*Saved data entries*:

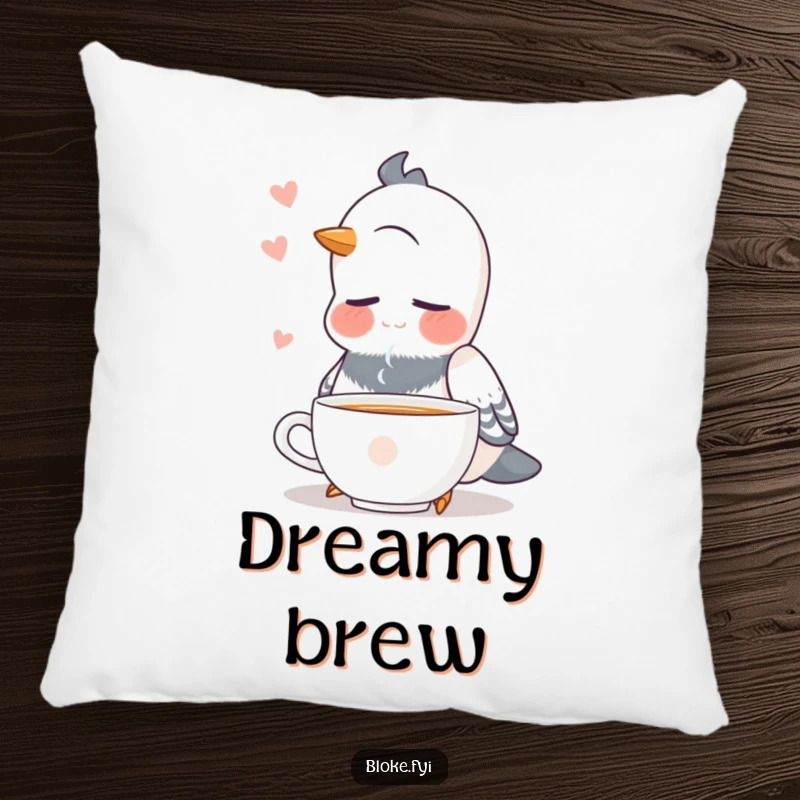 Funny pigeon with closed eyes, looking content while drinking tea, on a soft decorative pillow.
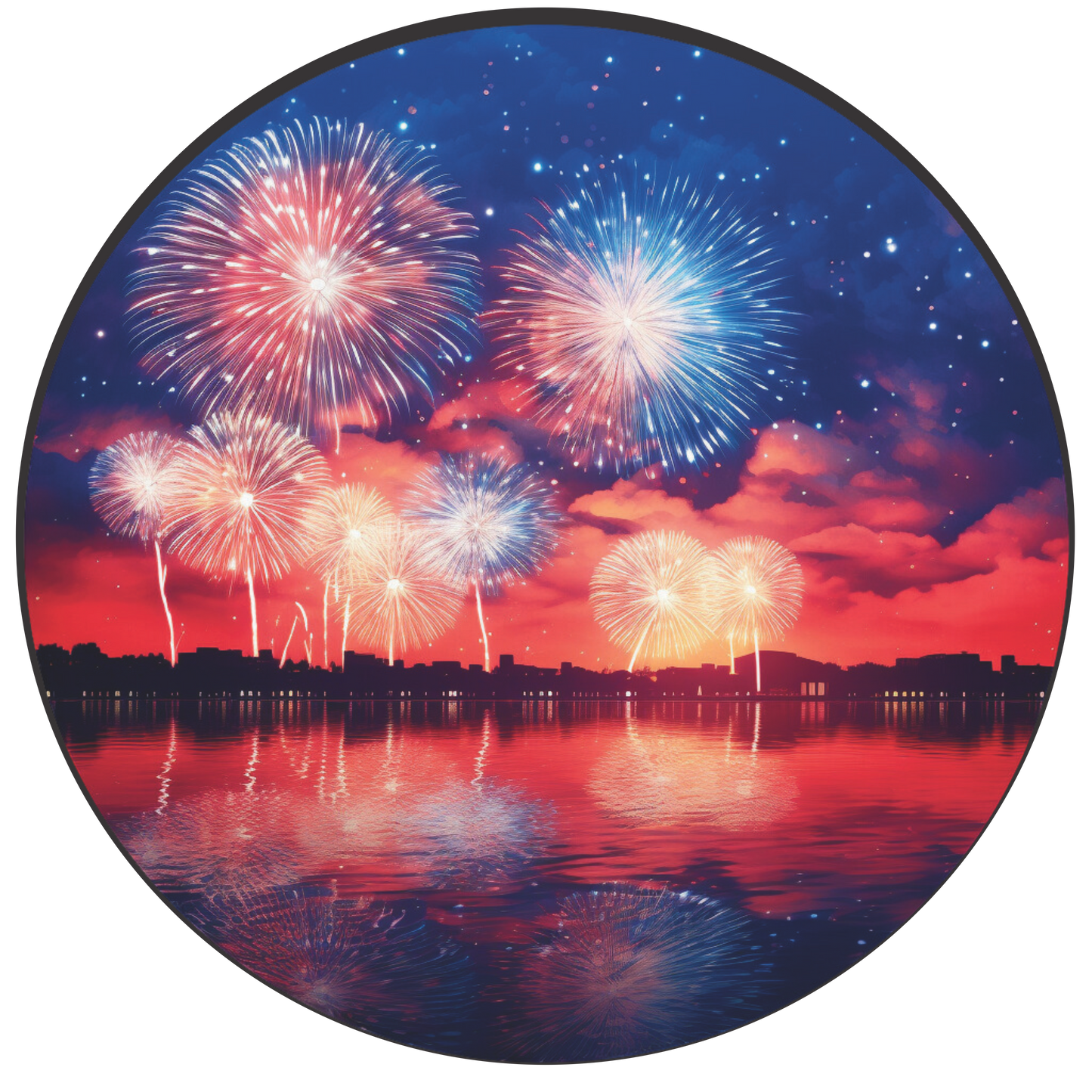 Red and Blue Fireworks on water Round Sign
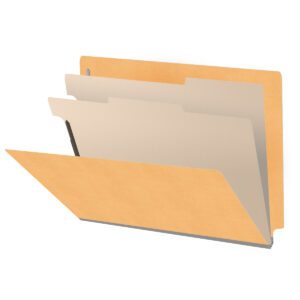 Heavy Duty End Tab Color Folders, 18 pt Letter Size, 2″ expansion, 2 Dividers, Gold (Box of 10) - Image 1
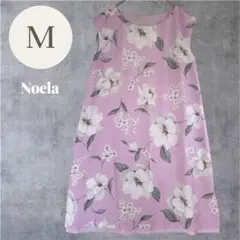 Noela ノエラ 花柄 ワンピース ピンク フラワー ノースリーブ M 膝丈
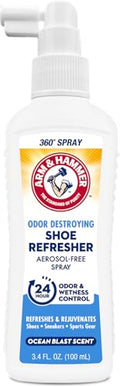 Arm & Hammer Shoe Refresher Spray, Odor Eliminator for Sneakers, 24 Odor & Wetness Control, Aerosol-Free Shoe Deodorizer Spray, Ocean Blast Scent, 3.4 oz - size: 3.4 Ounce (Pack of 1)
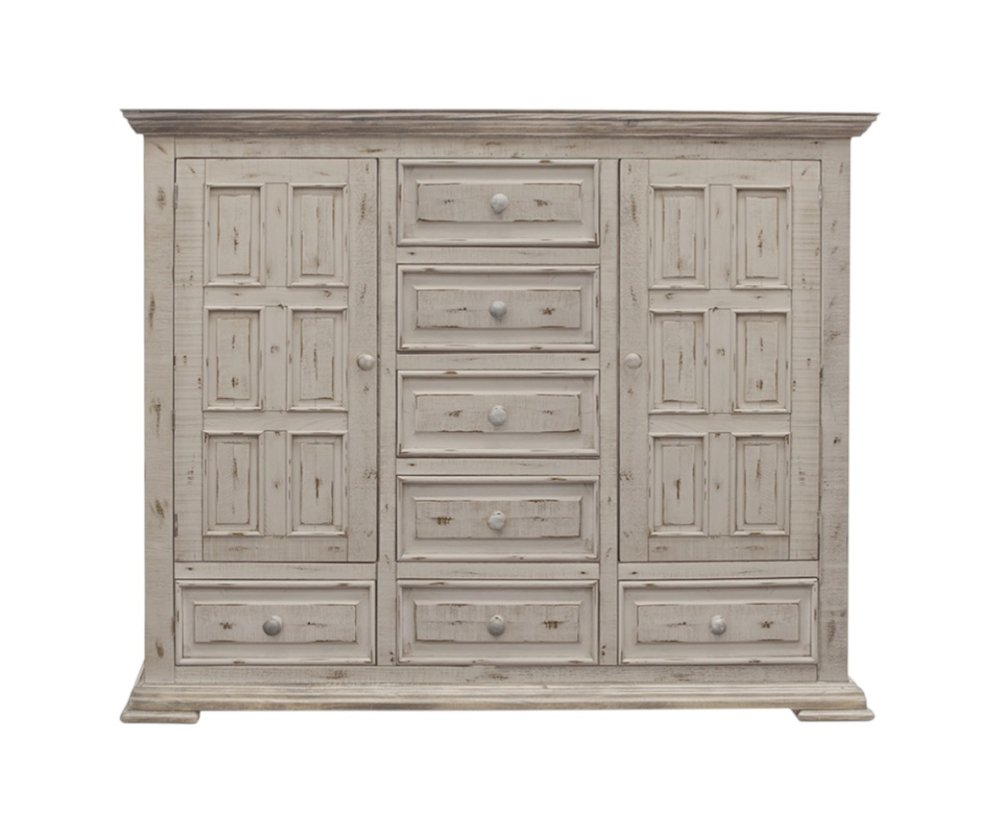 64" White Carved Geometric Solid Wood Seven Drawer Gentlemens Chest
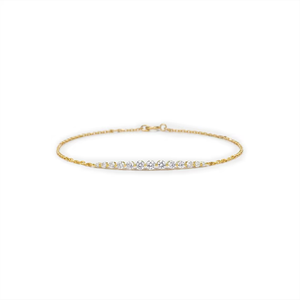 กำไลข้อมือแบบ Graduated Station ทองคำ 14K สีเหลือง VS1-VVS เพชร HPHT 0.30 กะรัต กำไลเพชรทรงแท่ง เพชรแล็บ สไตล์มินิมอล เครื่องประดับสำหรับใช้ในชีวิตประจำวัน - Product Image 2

*Aim of the exercise*: Where a line contains "Noela ノエラ 花柄 ワンピース ピンク フラワー ノースリーブ M 膝丈", begin there and transcribe every line through the last one of the records above, exactly and with no pictures.

*Answer area*:
 Noela ノエラ 花柄 ワンピース ピンク フラワー ノースリーブ M 膝丈
 Arm & Hammer Shoe Refresher Spray, Odor Eliminator for Sneakers, 24 Odor & Wetness Control, Aerosol-Free Shoe Deodorizer Spray, Ocean Blast Scent, 3.4 oz - size: 3.4 Ounce (Pack of 1)
 64" White Carved Geometric Solid Wood Seven Drawer Gentlemens Chest
 กำไลข้อมือแบบ Graduated Station ทองคำ 14K สีเหลือง VS1-VVS เพชร HPHT 0.30 กะรัต กำไลเพชรทรงแท่ง เพชรแล็บ สไตล์มินิมอล เครื่องประดับสำหรับใช้ในชีวิตประจำวัน - Product Image 2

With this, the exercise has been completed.